Metformin-hydrogel with glucose responsiveness for chronic inflammatory suppression

Abstract Diabetes-induced chronic inflammation accelerates tissue degeneration and is difficult to cure due to the persistent pathological high-glucose microenvironment. Herein, a glucose-responsive drug delivery system was constructed by conjugating phenylboronic acid on the surface of liposomes via membrane insertion and further crosslinked into a glucosamine-modified hydrogel composed of hyaluronic acid (HA) and poly(ethylene glycol) diacrylate (PEG) through borate linkages to deliver metformin, which could achieve the anti-inflammation effect under high glucose condition (Met@HA-PEG).The release kinetics results revealed that Met@HA-PEG could adjust the amount of metformin by responding to the change of glucose concentrations.
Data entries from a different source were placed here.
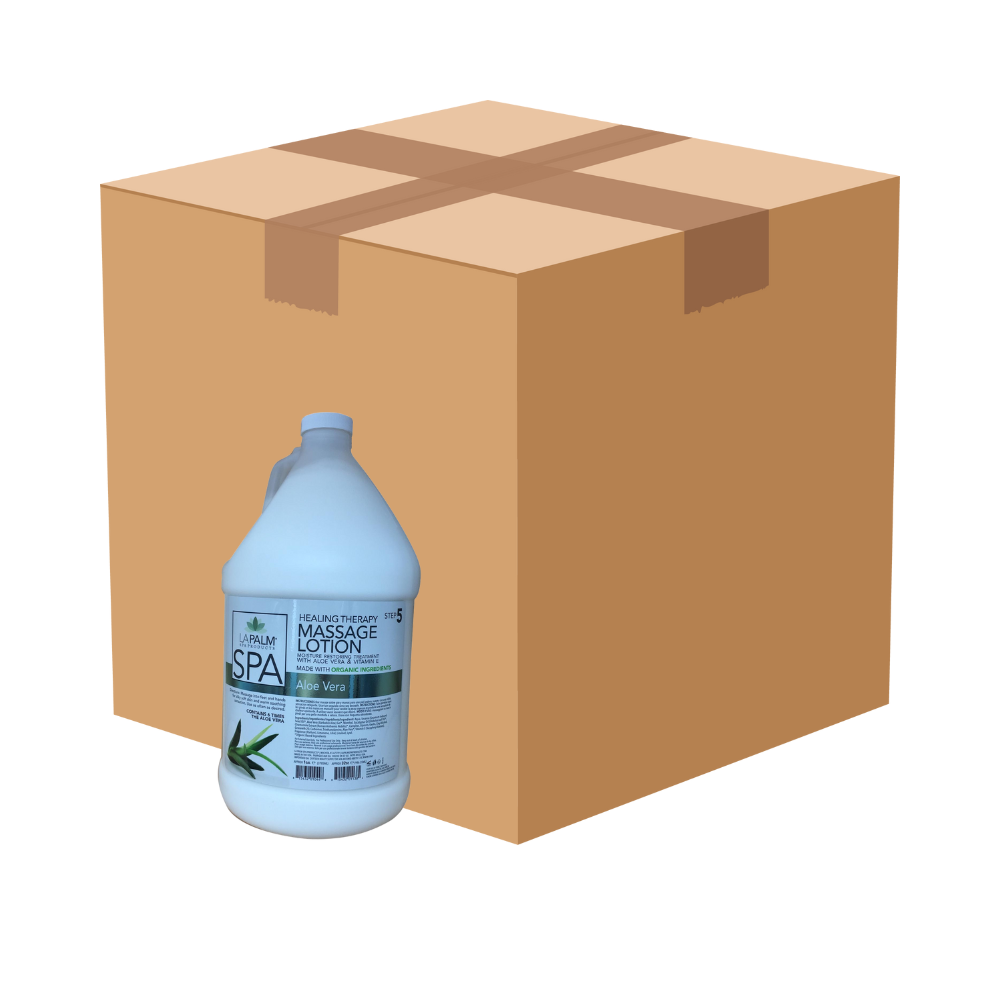 La Palm Lotion - Aloe Vera - Case of 4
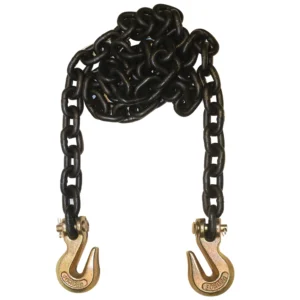 Grade 80 Binder Chain with Grab Hooks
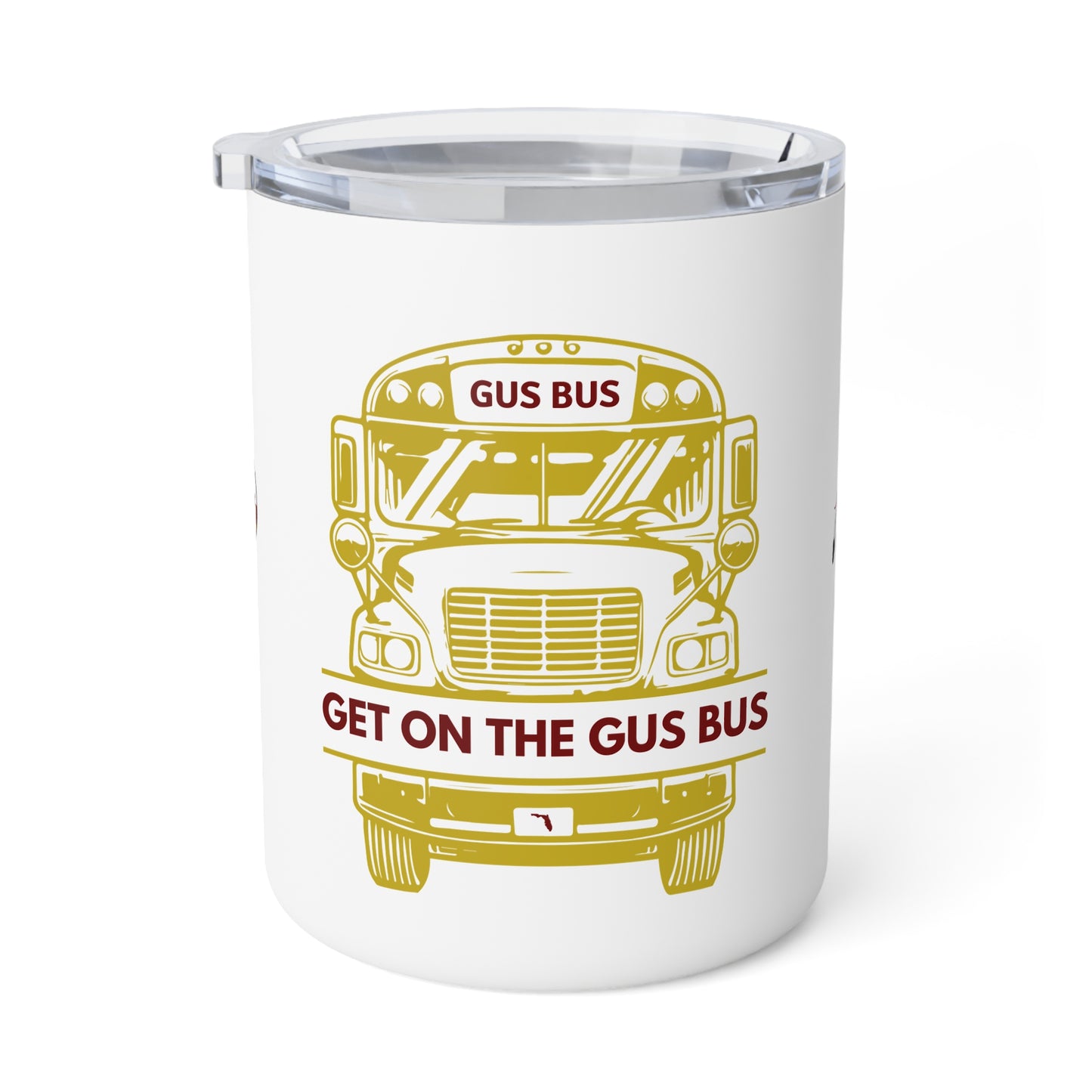 Roll Tribe "Get On The Gus Bus"  Insulated Coffee Mug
It is proved that Met@HA-PEG could protect mitochondria from ROS, thereby inhibiting the activation of the NLRP3 inflammatory pathway and finally increasing the synthesis of extracellular matrix (ECM) in the nucleus pulposus cells compared to the high glucose-treated group. In vivo experiments showed that Met@HA-PEG could effectively promote tissue regeneration in the diabetes-induced intervertebral disc degeneration model rats by inhibiting high glucose-induced chronic inflammation and stimulating ECM synthesis. Overall, a drug delivery system with glucose sensitivity was designed to achieve the spatiotemporal release of metformin, the long-term anti-inflammation and promotion of ECM synthesis which ensures the smooth completion of tissue regeneration under diabetic conditions.